最初の展開部ではけっこう笑い所があって、カフェを「かっふぇー」(文字のニュアンス的に)と言ったり、コーヒーにむせってカップの中をのぞきこんだり、一人で公園で楽しそうにブランコしてたり……してたり……つか、これ、一人で観覧車で、はしゃいでた私とおんなじじゃん!

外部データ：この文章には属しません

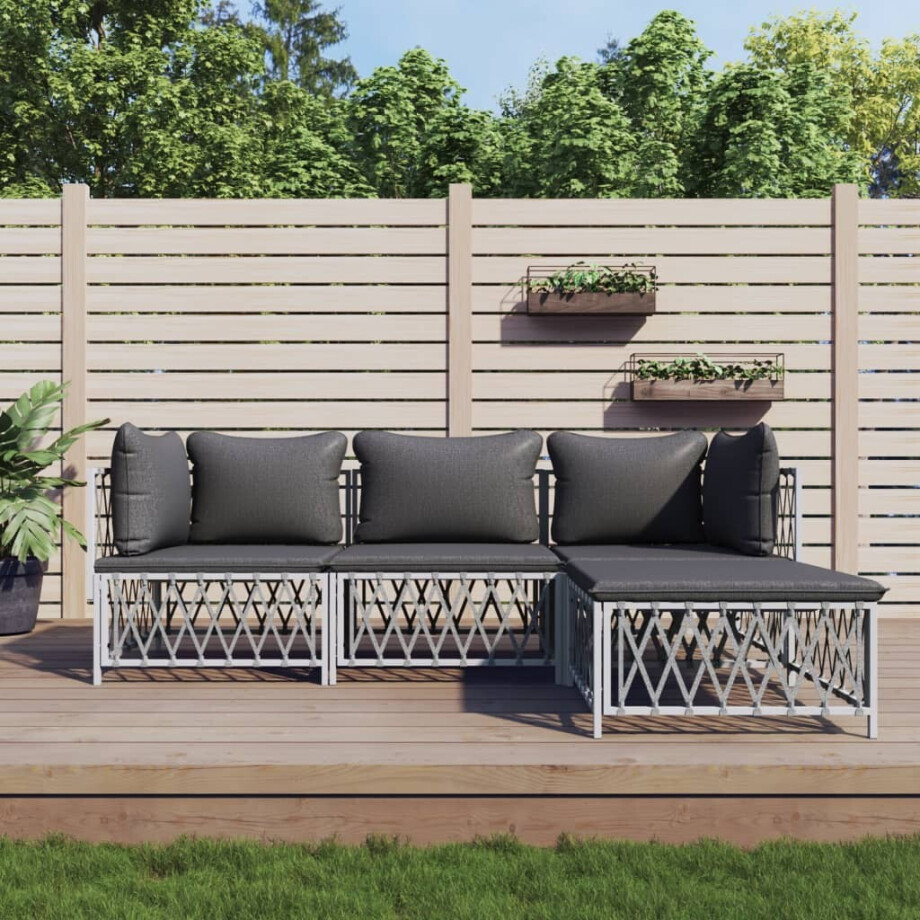vidaXL 4-delige Loungeset met kussens staal wit afbeelding 1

そっか、鹿児島の旅レポを読んだ会長が「ねえさん、シゲっぽいです」って言ってたのはこれのことかー!!
「あれ、なんで、俺一人でブランコ乗ってんだろ?」
「あれ、なんで、私一人で観覧車乗ってんだろ?」
って、こんなとこ同じだなんてヤーーダーーー!!!
…話を戻します。
で、心当たりのある場所を探しても見つからなくて交番に行ったら、届いてたわけですよ。「いいカンジに味のある」シゲの長財布が。
届けてくれた人にお礼がしたいと言ったら、警官いわくその人は連絡先も言わずにメモだけを残していったのだと。それが前振りの話につながるわけです。
「…今度あなたが誰かの大切な何かを拾ったときには、かならず警察に届けてあげてください」
映画「ペイ・フォワード」を例に出して、落し物を拾って警察に届けるということが、誰かの幸せにつながっていくことを説くシゲ。
そう。うっかりなくしてしまった大事な何かが、自分の手元に戻ってきたときのあの幸せな気持ち。それを思えば、地面に落ちている誰かの何かを見つけたときに、素通りすることなど出来はしない。
落ちていたものを拾って警察なりに届けるということは、大なり小なり誰かの不幸を幸せに変えてあげることが出来る簡単な行為なんですよね。ほんの心づかいが、優しさの連鎖を、目に見えない絆を、作っていくことを教えてくれた「落し物」。
こうして私たちを感動させて終わらせるのかと思いきや、最後にオチが。
「いえ、けっこうです」の決めゼリフを言い残して、交番から立ち去ろうとしたシゲが「え?…」と怪訝そうに立ち止まる。
そしてベンチの方に近づいて拾い上げたものは、「こんなんやってみました。」のパンフレット。
「ええぇ?パンフレットって…(交番を振り返って)あのお…こんなん落ちてたんですけど…!」
ちなみに。この「落し物」では、最初の方の映像に花がいろいろ出てきます。意識して見ていないとスルーしちゃいますけど。
「定休日」
導入映像では、ボールペンをおでこでカチカチカチカチカチカチさせて(痛くないんかな)、ちょっと笑いをとってましたが、この演目、実は笑いとは無縁の内容。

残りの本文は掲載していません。